The Weinstein JCC’s Israeli and International Jewish Film Festival returns to in-person viewing in January of 2023.
After two years of virtual-only film screenings, this year’s festival will offer both in-person and virtual options.
The committee, chaired by Leslie and David Greenberg, includes Jay Buchsbaum and Leslie McMahon, Lisa and Andy Fratkin, Jill and Ben Kutner, Risa and Jay Levine, Lea and Michael Schuldiner and Eileen Schulman. Together they have screened and evaluated many films to provide the cream of the crop to our Richmond community.
While the full lineup is still under construction, here is a little sneak preview of the upcoming festival sponsored by The Horwitz Family:
The film festival will kick off on Thursday, Jan, 19 at the Weinstein JCC with the film, “Fiddler’s Journey to the Big Screen.” The fall of 2021 marked the 50th anniversary of “Fiddler on the Roof,” the film Pauline Kael (The New Yorker) called “the most powerful movie musical ever made.”
Narrated by Jeff Goldblum, “Fiddler’s Journey to the Big Screen” captures humor and drama of director Norman Jewison’s quest to recreate the lost world of Jewish life in Tsarist Russia and re-envision the beloved stage hit as a wide-screen epic.
The film explores how the experience of making Fiddler deepened Jewison as an artist and revived his soul. Tickets include a pre-show dinner and cocktail reception with live music from Fiddler to set the tone for the evening’s film-viewing experience. The reception is at 6 p.m. with the film at 7p.m.
The JCC is pleased to be able to show the film, “The Levy’s of Monticello” on Sunday, Jan. 22 at 2 p.m. at the Virginia Museum of History and Culture.
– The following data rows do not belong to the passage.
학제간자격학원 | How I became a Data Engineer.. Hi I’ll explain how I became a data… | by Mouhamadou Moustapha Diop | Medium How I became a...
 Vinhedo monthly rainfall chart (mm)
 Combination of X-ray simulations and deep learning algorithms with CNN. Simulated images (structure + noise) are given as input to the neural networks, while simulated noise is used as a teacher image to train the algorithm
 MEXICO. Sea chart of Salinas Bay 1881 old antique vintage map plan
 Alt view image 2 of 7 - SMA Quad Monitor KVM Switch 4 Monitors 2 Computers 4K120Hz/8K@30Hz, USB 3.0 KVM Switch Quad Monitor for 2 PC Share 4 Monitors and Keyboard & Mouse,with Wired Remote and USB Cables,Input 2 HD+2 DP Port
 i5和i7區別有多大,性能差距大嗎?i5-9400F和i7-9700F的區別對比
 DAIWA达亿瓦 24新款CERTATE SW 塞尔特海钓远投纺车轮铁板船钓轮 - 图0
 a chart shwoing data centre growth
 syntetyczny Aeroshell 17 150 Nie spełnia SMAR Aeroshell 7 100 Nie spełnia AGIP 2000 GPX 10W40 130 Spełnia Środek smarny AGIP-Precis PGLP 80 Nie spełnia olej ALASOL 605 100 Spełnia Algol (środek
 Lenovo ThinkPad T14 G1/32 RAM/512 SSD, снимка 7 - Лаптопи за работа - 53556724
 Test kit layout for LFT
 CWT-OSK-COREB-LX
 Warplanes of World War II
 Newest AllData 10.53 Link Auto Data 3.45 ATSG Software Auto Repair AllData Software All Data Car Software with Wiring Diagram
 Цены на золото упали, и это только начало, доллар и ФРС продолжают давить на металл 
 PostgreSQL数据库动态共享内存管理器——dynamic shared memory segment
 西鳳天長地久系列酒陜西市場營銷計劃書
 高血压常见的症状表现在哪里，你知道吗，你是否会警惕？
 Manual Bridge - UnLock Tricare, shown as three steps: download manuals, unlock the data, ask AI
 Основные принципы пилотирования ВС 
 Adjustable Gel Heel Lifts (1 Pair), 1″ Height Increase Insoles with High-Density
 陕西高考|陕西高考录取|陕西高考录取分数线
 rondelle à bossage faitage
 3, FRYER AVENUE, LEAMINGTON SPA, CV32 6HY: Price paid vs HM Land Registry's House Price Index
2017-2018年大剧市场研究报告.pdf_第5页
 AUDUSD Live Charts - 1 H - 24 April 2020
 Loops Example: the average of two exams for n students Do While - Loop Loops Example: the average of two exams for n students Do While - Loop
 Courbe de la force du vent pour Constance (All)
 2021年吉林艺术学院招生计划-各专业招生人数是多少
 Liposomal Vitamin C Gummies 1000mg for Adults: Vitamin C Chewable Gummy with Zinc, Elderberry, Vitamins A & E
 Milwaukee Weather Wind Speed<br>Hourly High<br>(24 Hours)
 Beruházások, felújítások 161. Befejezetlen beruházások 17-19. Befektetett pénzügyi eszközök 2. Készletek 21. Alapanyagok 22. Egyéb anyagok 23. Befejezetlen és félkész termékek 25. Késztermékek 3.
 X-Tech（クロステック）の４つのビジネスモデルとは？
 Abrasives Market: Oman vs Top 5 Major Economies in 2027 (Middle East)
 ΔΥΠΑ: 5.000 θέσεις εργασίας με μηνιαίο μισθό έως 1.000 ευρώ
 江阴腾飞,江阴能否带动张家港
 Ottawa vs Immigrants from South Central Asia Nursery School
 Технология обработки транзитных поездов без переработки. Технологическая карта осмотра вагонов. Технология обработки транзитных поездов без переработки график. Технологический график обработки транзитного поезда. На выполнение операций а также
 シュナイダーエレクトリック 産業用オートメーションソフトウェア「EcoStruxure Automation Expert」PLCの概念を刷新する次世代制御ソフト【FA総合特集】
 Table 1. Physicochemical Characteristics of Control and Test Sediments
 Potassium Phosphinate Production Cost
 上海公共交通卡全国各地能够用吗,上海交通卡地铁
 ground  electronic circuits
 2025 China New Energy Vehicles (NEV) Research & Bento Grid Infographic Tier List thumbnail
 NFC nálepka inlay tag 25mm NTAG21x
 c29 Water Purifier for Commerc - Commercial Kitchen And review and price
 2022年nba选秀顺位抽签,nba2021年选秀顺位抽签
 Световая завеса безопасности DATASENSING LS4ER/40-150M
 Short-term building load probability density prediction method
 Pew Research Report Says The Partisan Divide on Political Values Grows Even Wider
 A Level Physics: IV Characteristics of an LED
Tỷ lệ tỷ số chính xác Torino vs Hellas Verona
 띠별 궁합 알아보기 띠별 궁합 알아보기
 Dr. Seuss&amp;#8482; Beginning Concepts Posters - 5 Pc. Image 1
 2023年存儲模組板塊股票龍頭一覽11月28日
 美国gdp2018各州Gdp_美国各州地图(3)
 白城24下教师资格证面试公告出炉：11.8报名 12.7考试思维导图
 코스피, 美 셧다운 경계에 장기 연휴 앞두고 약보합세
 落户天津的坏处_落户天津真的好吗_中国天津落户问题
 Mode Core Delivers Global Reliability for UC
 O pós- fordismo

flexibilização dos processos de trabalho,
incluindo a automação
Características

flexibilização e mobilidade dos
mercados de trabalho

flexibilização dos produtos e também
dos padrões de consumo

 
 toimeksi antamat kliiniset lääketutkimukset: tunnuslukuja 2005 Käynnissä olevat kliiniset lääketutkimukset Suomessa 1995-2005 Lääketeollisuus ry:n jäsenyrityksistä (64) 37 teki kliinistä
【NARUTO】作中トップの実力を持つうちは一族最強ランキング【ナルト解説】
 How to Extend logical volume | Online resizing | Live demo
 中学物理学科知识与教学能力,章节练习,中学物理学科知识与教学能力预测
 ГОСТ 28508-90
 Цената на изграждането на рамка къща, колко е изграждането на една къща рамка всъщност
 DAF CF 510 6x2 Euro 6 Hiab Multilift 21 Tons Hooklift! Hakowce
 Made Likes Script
When Thomas Jefferson died in 1826, he left behind a mountain of personal debt, which forced his heirs to sell his beloved Monticello home and all its possessions. “The Levys of Monticello” is a documentary film that tells the little-known story of the Levy family, which owned and carefully preserved Monticello for nearly a century – far longer than Jefferson or his descendants.
The remarkable story of the Levy family also intersects with the rise of antisemitism that runs throughout the course of American history.